Une carte révèle les zones de pollution lumineuse les plus importantes en Espagne

L’Espagne observe la nuit depuis l’espace et l’image laisse une conclusion dérangeante : il devient de plus en plus difficile de trouver des ciels véritablement noirs. Une analyse de l’empreinte lumineuse de plus de 8 000 communes espagnoles de plus de 1 000 habitants permet de repérer clairement où brillent le plus les villes et villages, quels types de lumières ils émettent et comment la couleur de la nuit en Espagne évolue.

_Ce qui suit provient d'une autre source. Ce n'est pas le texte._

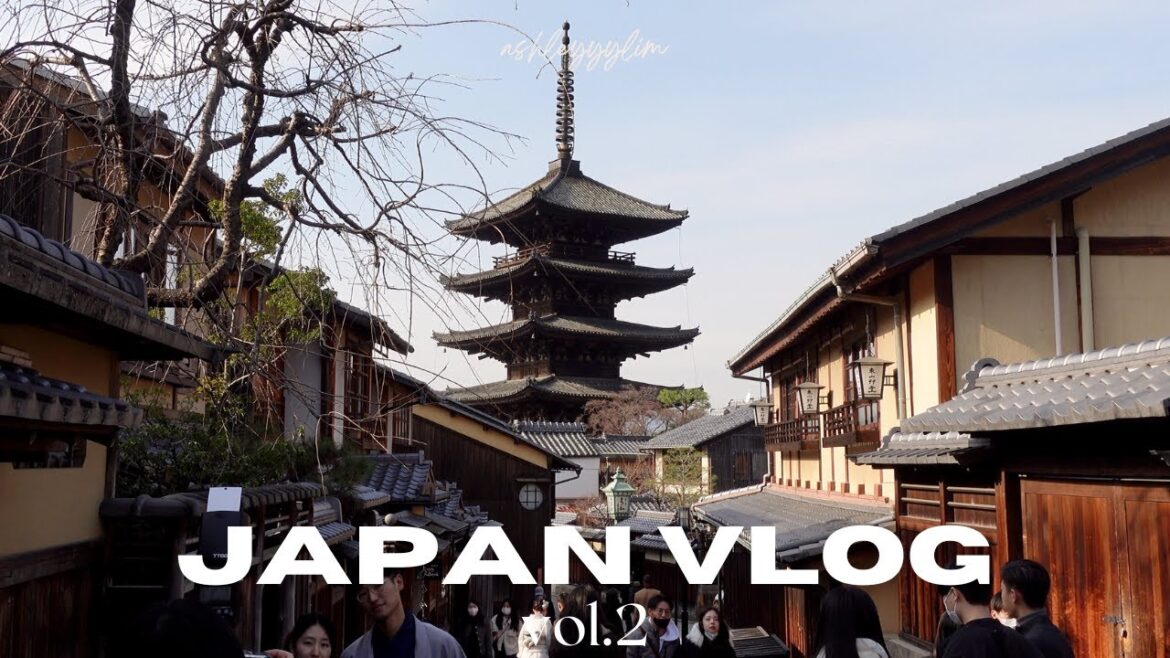 🇯🇵 The Perfect 3 days itinerary for Kyoto & Osaka VLOG  #travelvlog #japanvlog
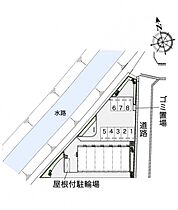 レオネクストエルビエンIII 204 ｜ 宮崎県都城市立野町3-3-2（賃貸アパート1K・2階・28.02㎡） その3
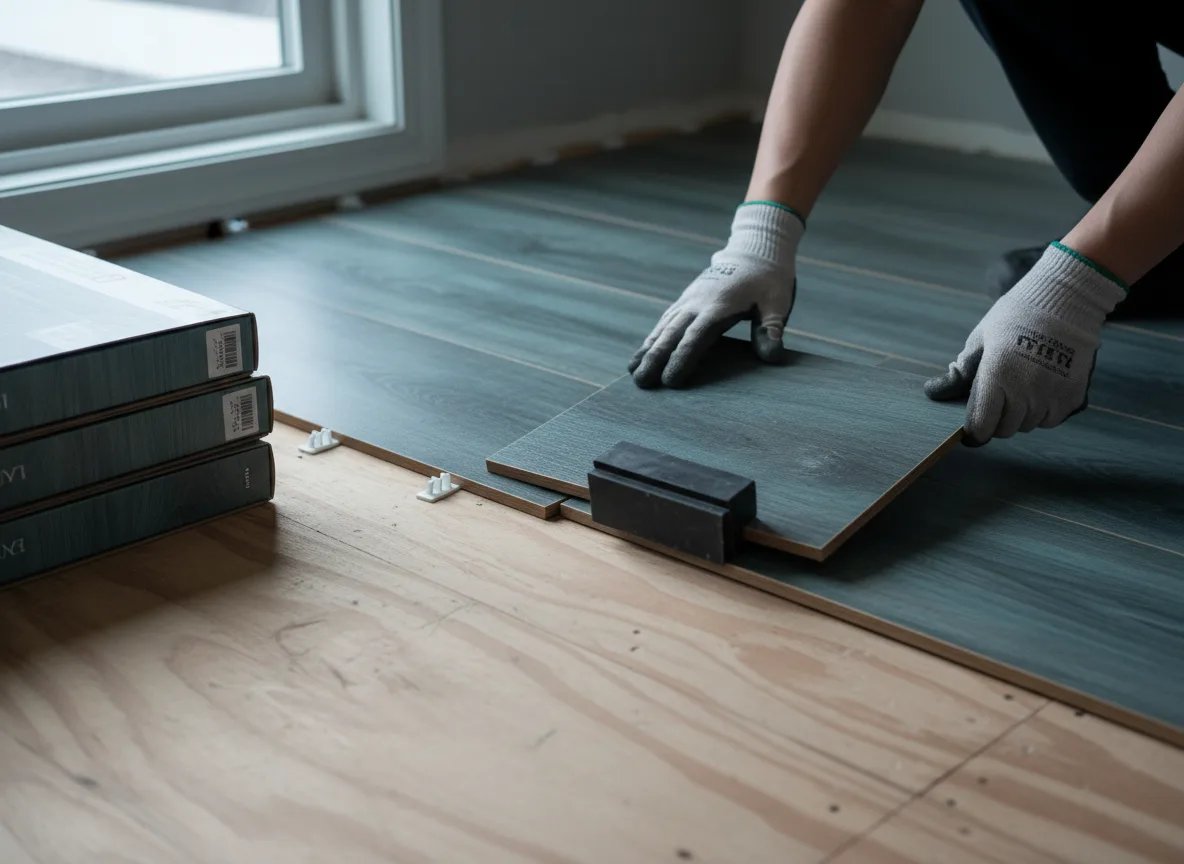 Luxury Vinyl Plank Installation company in Wallace, CA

Le résultat confirme ce que beaucoup peuvent sentir en quittant une grande ville, mais l’apporte avec une nuance importante. Madrid, Barcelone, Zaragoza, Séville ou Murcie apparaissent parmi les endroits à la pollution lumineuse la plus élevée, oui, mais ce problème ne se limite pas aux grandes zones urbaines. Dans de nombreux petits villages, particulièrement dans l’Espagne rurale, l’ancienne lumière orange a été remplacée par un éclairage LED blanc, riche en bleu, plus efficace énergétiquement mais aussi plus agressif pour l’astronomie et l’environnement naturel.

La carte, publiée par elDiario.es, basée sur des données scientifiques et urbanistiques, ne sert pas uniquement à mesurer l’éclat de chaque commune. Elle permet aussi de mieux comprendre une transformation qui a passé inaperçue pour beaucoup de municipalités et citoyens : la nuit espagnole est désormais plus lumineuse, mais aussi plus bleue.

Les grandes villes brillent davantage, mais la campagne se détériore aussi

À première vue, la distribution de la lumière nocturne en Espagne dessine un motif très reconnaissable. Le centre péninsulaire est dominé par l’éclat de Madrid, tandis que le littoral rassemble une grande partie des autres zones lumineuses. Cette image est largement liée à la répartition de la population, aux infrastructures, à l’activité économique et au trafic.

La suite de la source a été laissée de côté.